(Captioned web image data)
━━━━━━━━━━━━━━━━
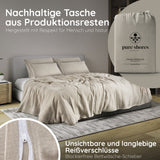 Musselin Bettwäsche [PREMIUM] 100% Baumwolle – atmungsaktiv & weich (OEKO-TEX®)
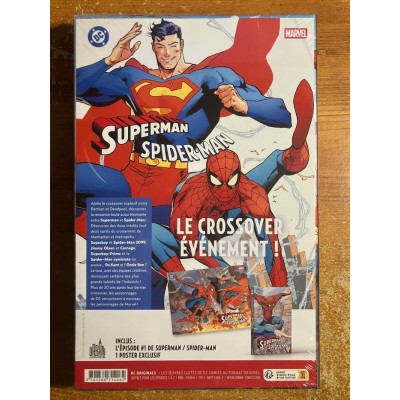 SUPERMAN / SPIDER-MAN COFFRET (inclus Épisode 01 + poster) - URBAN COMICS (2026)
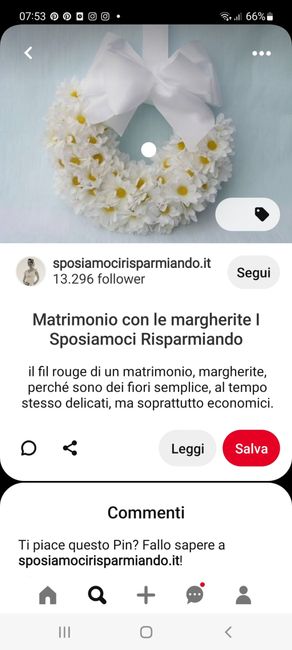 Matrimonio a tema Margherite consigli??? 5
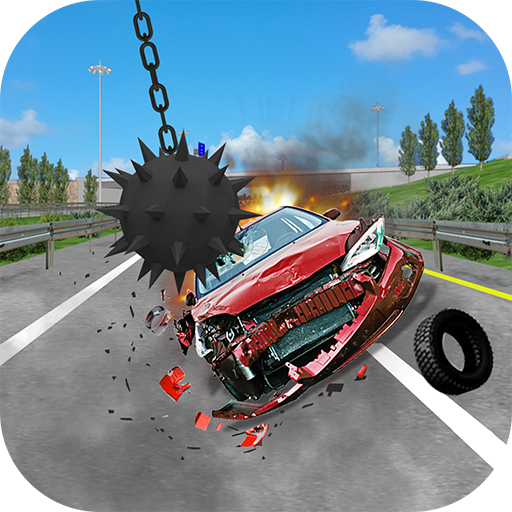 Car Demolition : Realistic Crash and Stunts icon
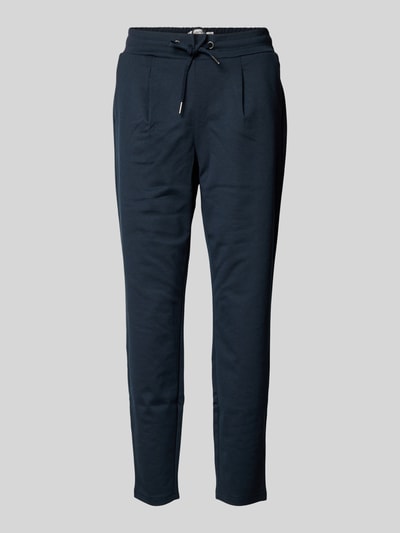 B.Young Sweatpants met siernaden, model 'RIZET' Marineblauw - 1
━━━━━━━━━━━━━━━━
TASK STATEMENT: Would you transcribe each of the entries exactly, skipping the pictures?

TASK OUTPUT:
 Musselin Bettwäsche [PREMIUM] 100% Baumwolle – atmungsaktiv & weich (OEKO-TEX®)
 SUPERMAN / SPIDER-MAN COFFRET (inclus Épisode 01 + poster) - URBAN COMICS (2026)
 Matrimonio a tema Margherite consigli??? 5
 Car Demolition : Realistic Crash and Stunts icon
 B.Young Sweatpants met siernaden, model 'RIZET' Marineblauw - 1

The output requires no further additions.